The actors in this production spend a lot of time face-down in things, mostly food, and generally when they show their faces afterward, they look like ghouls arisen from the dead. This Denmark is a ghost town. And although Hamlet tells Horatio (and us) quite clearly that he’s planning to feign madness, it’s hard to see this madness as make-believe. Eidinger’s performance is full of Tourette’s-like verbal tics and is utterly unsettling. When he strips down to act out the play The Mousetrap for king and queen—Hamlet and Horatio are the only performers in this staging—we see that the doughiness of his body is due to the fact that he’s wearing a heavily padded undergarment beneath his clothes. After playing the role of the queen wearing only black lace panties and thigh-high stockings, he climbs back into his fat-boy suit, asking one of the other actors to zip him up.
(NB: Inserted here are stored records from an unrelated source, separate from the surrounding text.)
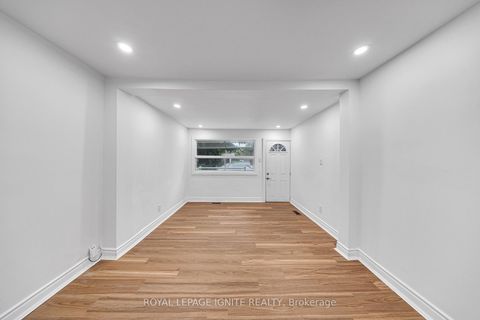 Photo 8 at 148 Barrington Avenue, Crescent Town, Toronto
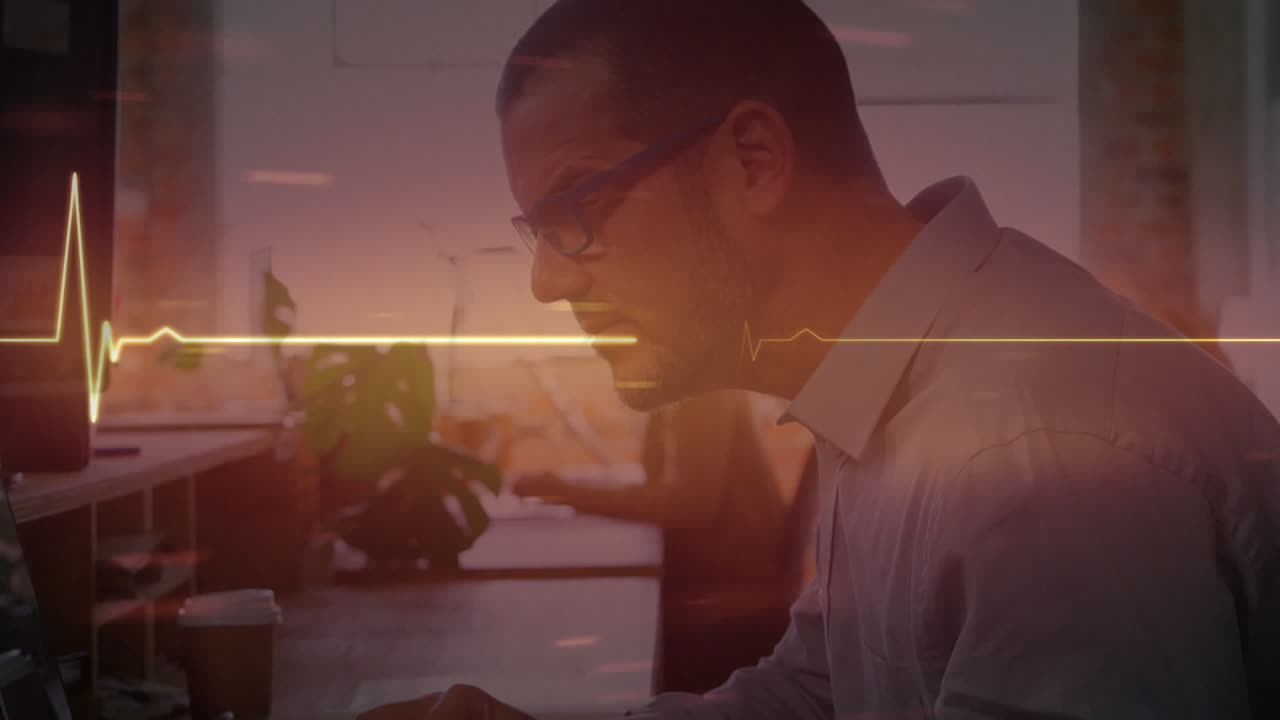 monitor de ritmo cardíaco rojo brillante contra hombre caucásico usando computadora en la oficina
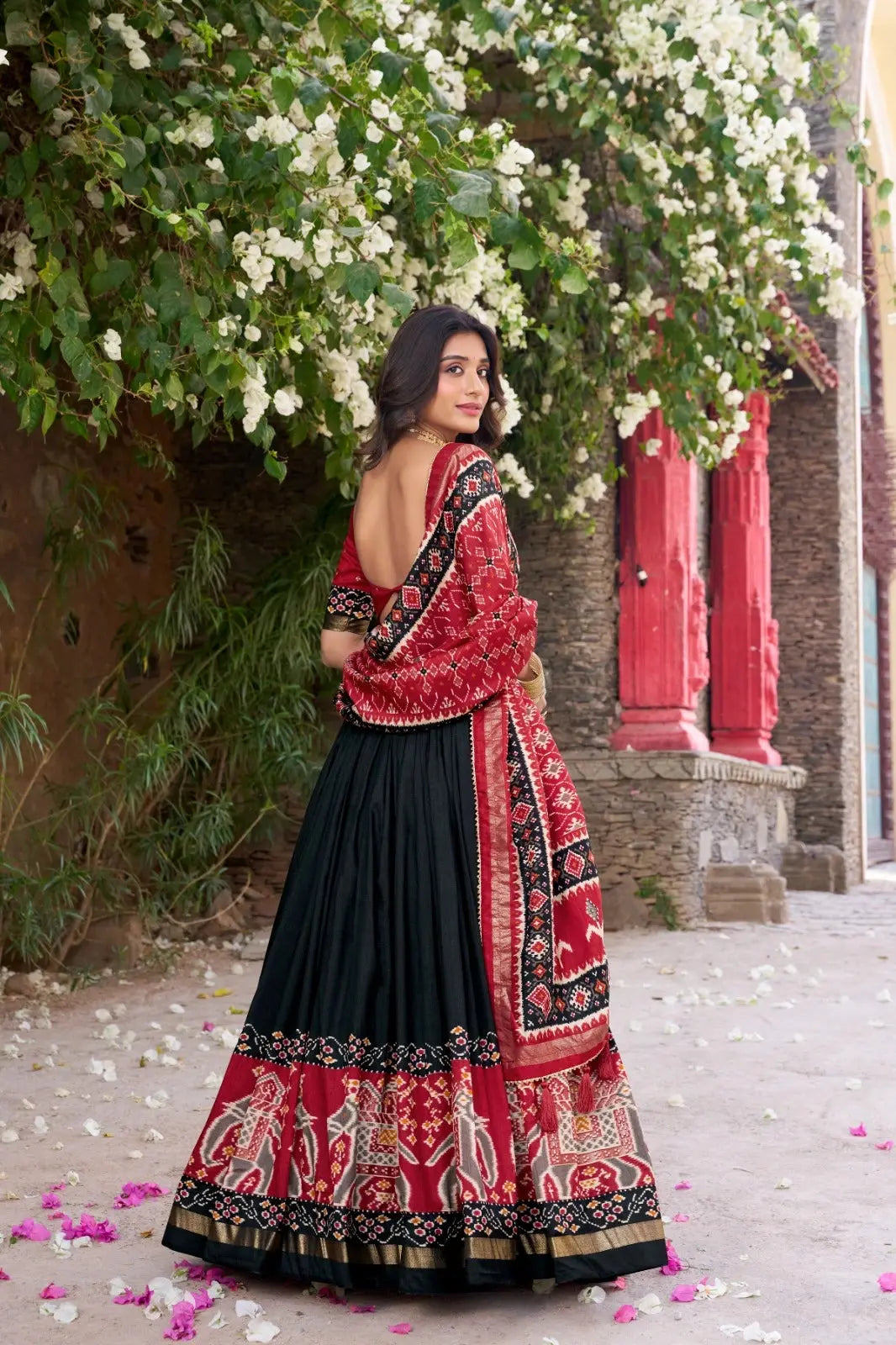 Black Floral Print Lehenga back view – open back choli, patola elephant border skirt with gold zari hem, foil work detail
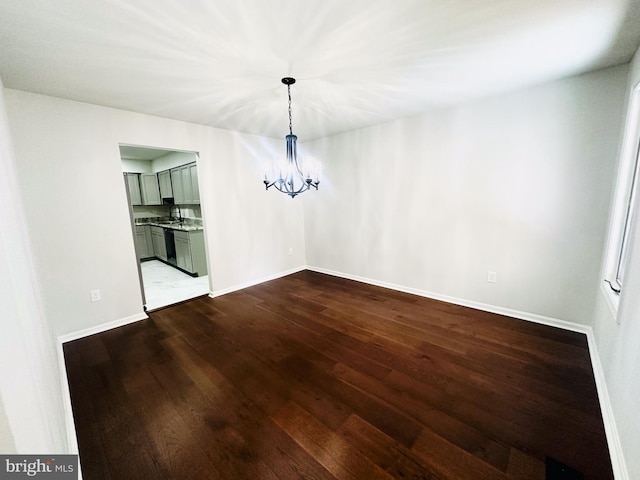 unfurnished dining area featuring an inviting chandelier and dark wood-type flooring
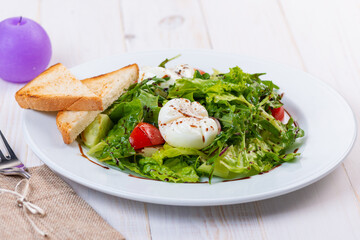 fresh salad with arugula, tomato and egg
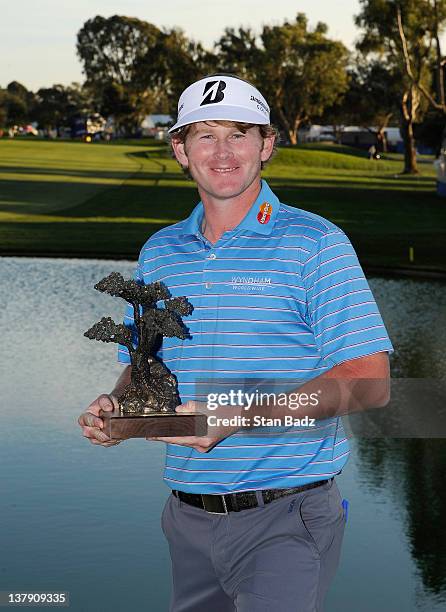 Brandt Snedeker poses with the trophy after the final round of the Farmers Insurance Open on the South Course of the Torrey Pines Golf Course on...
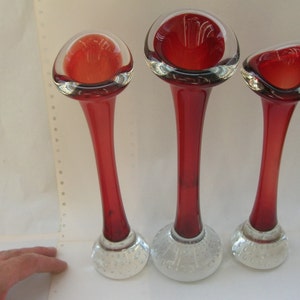Könnte beinhalten: Set aus drei roten Glasvasen mit klaren Glasböden. Die Böden haben ein strukturiertes, blasenartiges Design.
One of the strongest scenes in the entire production is the pas de deux between Hamlet and Ophelia when Polonius forces their encounter. The scene shifts back and forth so quickly between tenderness and violence it’s truly frightening, and eventually he half-buries her.

Toward the middle of the play the pace starts to slow down, and I found myself wondering, as I watched Claudius (brilliantly played by Urs Jucker) contemplating aloud the vileness of his own fratricide, whether this entire scene couldn’t have been cut outright
with no great loss of effect. Ostermeier has created an action-packed Hamlet in which psychological processes are so effectively translated into physical ones that the actual recitation of monologues seems almost irrelevant. Cutting out a startlingly large number of scenes is a strategy that worked beautifully for Ostermeier in his staging of A Midsummer Night’s Dream in 2006 (a co-production with choreographer Constanza Macras), and he would have done well to trim Shakespeare’s play more rigorously this time as well. Though two and a half hours is not at all long for a performance of Hamlet, given the density and compression of this staging, making it leaner by half an hour would have served the production well.

1 comment:

Jarrett at said...

Thank you for this. Hamlet in 2.5 hours is very short indeed; the uncut text runs to over 4, so cutting is usually where the directorial process starts.

I look forward to seeing this when it passes through Sydney in January.